**Raw data:**
***

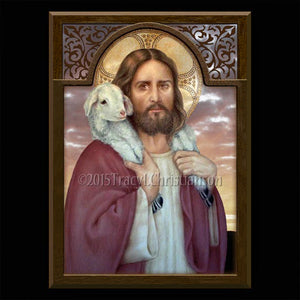 The Good Shepherd Plaque & Holy Card Gift Set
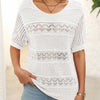 Sybil | Damen-Rundhals-Pullover mit kurzen Ärmeln und Ausschnitt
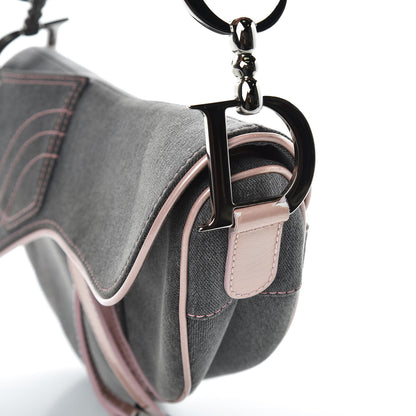 Christian Dior Patent Denim Jeans Saddle Bag Grey Pink 12 of 12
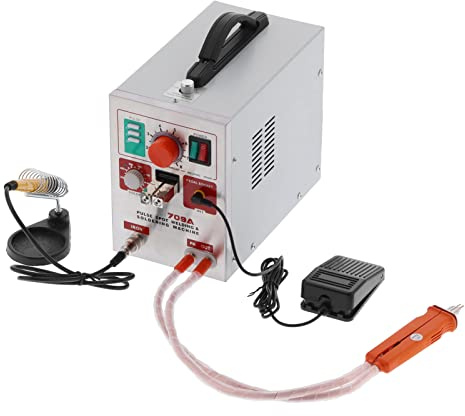MasYosh 709A Batterie-Punktschweißgerät, Tragbares Lithium-Impulsschweißgerät mit Einstellbaren Impulsschweißmethoden und 2 Schweißstiften, Zum Schweißen und Warten von Autobatterien mit (EU-Stecker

***

**Directions:** Repeat the data in full and exactly. Omit pictures.

**Reply to the exercise:**
 The Good Shepherd Plaque & Holy Card Gift Set
 Sybil | Damen-Rundhals-Pullover mit kurzen Ärmeln und Ausschnitt
 Christian Dior Patent Denim Jeans Saddle Bag Grey Pink 12 of 12
MasYosh 709A Batterie-Punktschweißgerät, Tragbares Lithium-Impulsschweißgerät mit Einstellbaren Impulsschweißmethoden und 2 Schweißstiften, Zum Schweißen und Warten von Autobatterien mit (EU-Stecker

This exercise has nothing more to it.